There you go. The goal. To make lemonade. Mercy, all we gotta do next is put a lemonade stand together out front and we got ourselves a lil’ business. It is nearly summertime, you know.
The main goal. The three easy steps to reach that main goal, and the goals around completing the three easy steps. A baby-steps business model. A cadence that includes reaching said goals, establishing new ones, and learning something new each and every time that leads to growth and success.
To know is to do, again and again and again.
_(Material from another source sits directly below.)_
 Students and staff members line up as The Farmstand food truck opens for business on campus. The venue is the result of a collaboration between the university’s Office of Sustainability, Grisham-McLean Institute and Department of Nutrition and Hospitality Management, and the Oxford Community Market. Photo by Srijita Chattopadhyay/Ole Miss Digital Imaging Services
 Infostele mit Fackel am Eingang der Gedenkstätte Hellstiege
Unfortunately, this ain’t the case for many companies. Unhappiness and employee turnover are still all too common challenges for organizations of all shapes and size and industries. It’s an overgrown and thorny path that leaders and HR teams walk bare foot daily, with no compass to guide them, no “where the wild things are” curiosity driving the cadence of learning and growing (personally, professionally and monetarily).
This unruly, wild west “talent cycle” can create poor climates and cultures where your people are forced to scramble and hire reactively each time an employee makes a move toward the door.
Listening to Andre Lavoie, CEO and co-founder of ClearCompany, talk about how companies and business leaders need to establish values and primary goals (or reestablish them), aligning cascading goals and developing and managing a cadence to get all the business at hand done successfully and continuously, certainly inspired me to share the lemons-to-lemonade backstory.
Us adults in the room have killed the childhood R&D, and in the same last gasping breath, talent management strategies of the past no longer work. Today people work differently, are motivated differently and are engaged differently, and want their performance measured differently. Millennials may have pushed all the employer flexibility buttons, but now every generation is demanding more.
For example, employees want ongoing growth opportunities, workplace flexibility, tools and systems that encourage collaboration, and commitment to a reciprocal climate of support and encouragement, all of which lead to payoffs in employee retention, satisfaction, and overall business performance. Organizations can no longer afford to simply “manage people,” because the people demand more – they want aligned business goals that they’re part of and that are attainable and evolve collaboratively over time.
We want lemonade stands and the cadence of two easy steps:
- Recognize. Organizations need to provide attractive corporate and employee cultures that recognizes the individual, while promoting innovation, learning, collaboration and connections. They need a visionary talent engagement experience that is orchestrated around people and people goals, not processes. The key now is to drive a higher level of contribution, deeper engagement through a better “people management” experience.
- Experience. These attributes – the aligned goals, the learning, the development, the sound business model, the full-throttle curiosity of how things work – all culminate in delivering an amplifier effect on talent contribution and success. Organizations that provide a more engaging experience can better gain adoption of the talent initiatives throughout the company, and align individual objectives to business goals to improve performance, retention, and productivity.
This “amplifier effect” of people’s contributions upon aligned, accomplished goals has a rapid and lasting impact over time. Positive business outcomes become the norm.
Just add sugar and ice, right? It’s yummy indeed.